Aim of the exercise =
From the first line to the last, retype everything below exactly, minus the pictures.

Given material =

• • • •

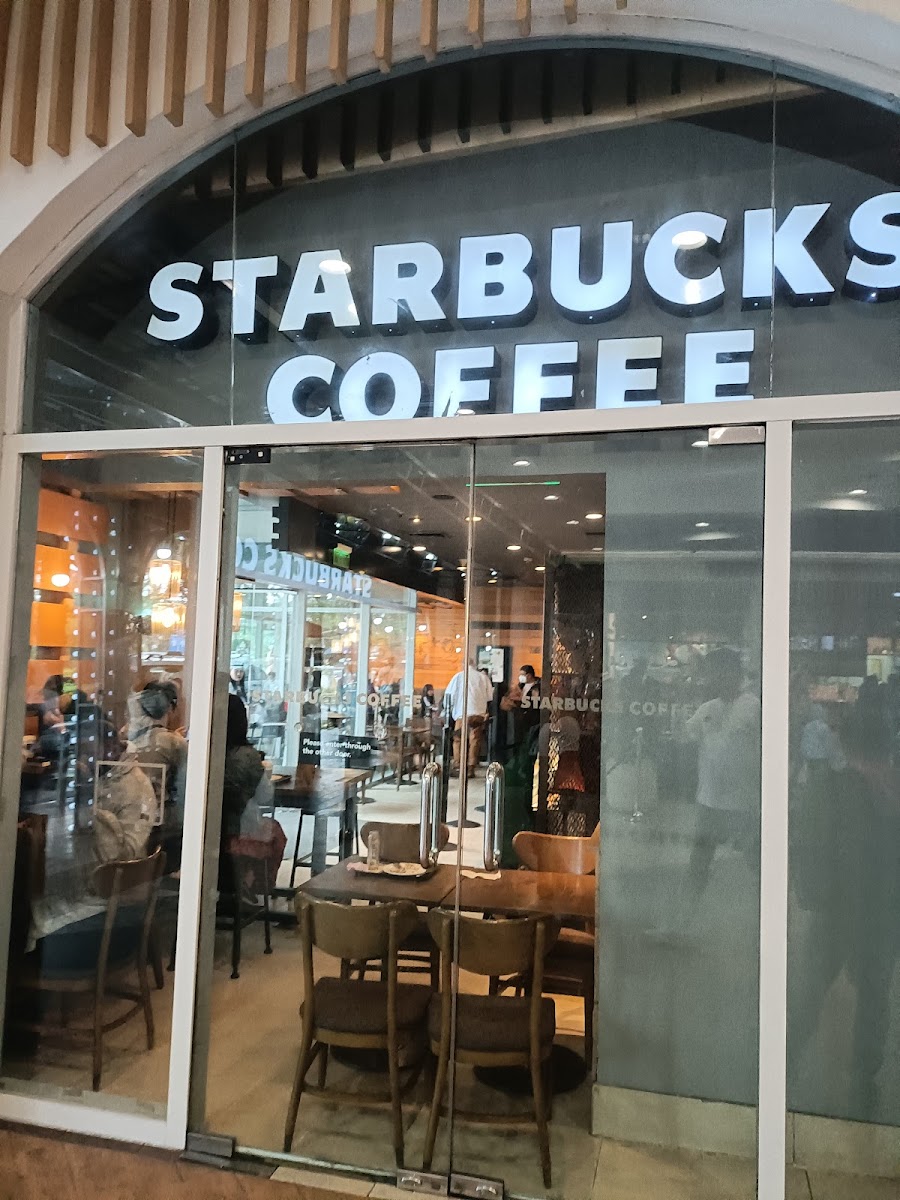 Starbucks SM City Baguio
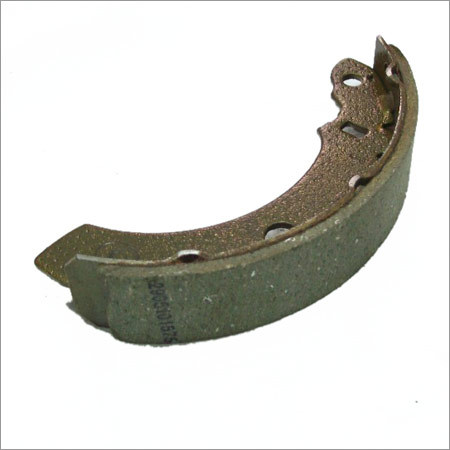 2 & 3 Wheeler Brake Shoe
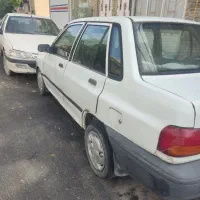 پراید مدل 81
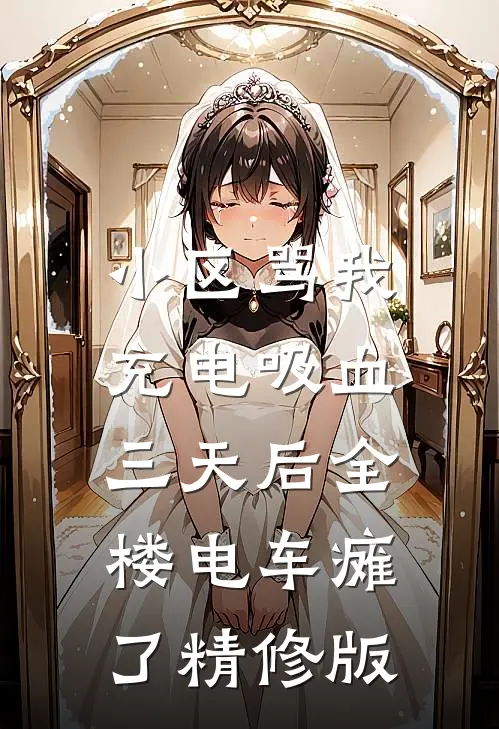 小区骂我充电吸血，三天后全楼电车瘫了（精修版）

• • • •

Response box =
 Starbucks SM City Baguio
 2 & 3 Wheeler Brake Shoe
 پراید مدل 81
 小区骂我充电吸血，三天后全楼电车瘫了（精修版）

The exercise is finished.